Gaelic games governing body

Higher Education GAA is the governing body overseeing the Gaelic games of hurling, camogie and Gaelic football at third level institutions. The body coordinates competitions in both Ireland and Britain, and is a part of the parent organisation, the Gaelic Athletic Association. The main competitions are the Fitzgibbon Cup for hurling and Sigerson Cup for football.

==Hurling==

===Fitzgibbon Cup===

The Fitzgibbon Cup is named after Edwin Fitzgibbon, a Capuchin friar and, from 1911 to 1936, a professor of philosophy at University College Cork.

In 1912, Fitzgibbon donated most of his annual salary to purchase the trophy. For the first 30 years, the cup was dominated by UCC and UCD, with UCG winning occasionally. Queen's University Belfast first took part in 1946, and won their only title in 1953.

The popularity of the championship grew, and, in the 1960s and 1970s three more colleges entered: Trinity College, Dublin, UU Coleraine and NUI Maynooth. In the late 1980s, all teams in Division One of the Higher Education League were admitted. Since participation in the event expanded, in the 1990s, several newer third level institutions from Limerick and Waterford entered and soon dominated the competition. Waterford IT won the title four times in six years, but UCC are the leaders in the roll of honour, with 39 titles.

==Gaelic football==

===Sigerson Cup===

In 1911, the Sigerson Cup was first presented by George Sigerson to foster unity amongst the constituent colleges of the National Universities of Ireland, which was won for the first time by UCD. The competition has since broadened its membership with teams representing a larger number of universities and colleges.

==Gaelic games in British universities==

===Gaelic football===

Gaelic football has been organised at universities across Britain, with the inaugural men's championship in 1990/91 and ladies' championship in 1997/98. Men's Gaelic football has been recognised by British Universities and Colleges Sport since 2003. The competitions have traditionally been dominated by universities with big Irish student populations, including Liverpool John Moores University, Liverpool Hope University, and St Mary's University, Twickenham.

The winners of the men's Division 1 Championship formerly qualified for the semi-finals of the Trench Cup, with St Mary's winning the competition in 2004. Currently, British university teams compete in the Corn na Mac Léinn, with Liverpool Hope winning back-to-back trophies in 2018 and 2019, and a combined Liverpool John Moores-Edge Hill University team winning the competition in 2020, 2022, and 2026.

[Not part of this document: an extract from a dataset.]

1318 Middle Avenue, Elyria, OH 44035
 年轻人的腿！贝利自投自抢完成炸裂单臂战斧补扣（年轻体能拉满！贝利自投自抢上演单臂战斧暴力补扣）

Between 2001 and 2009, the ladies' Division 1 Championship winners entered the Lynch Cup. A reorganisation of HEC competitions in the 2009/10 season saw British teams moved to competing in different Irish competitions each year. In 2026, Coventry University became the first British winners of an Irish HEC competition with victory over a DCU Dóchas Éireann team in the Lagan Cup.

===Hurling===

Hurling - although at a smaller level - is also growing the UK. Nine teams took part in the most recent British University Hurling Championship. A select team has previously played annually against the Scottish Universities Shinty team.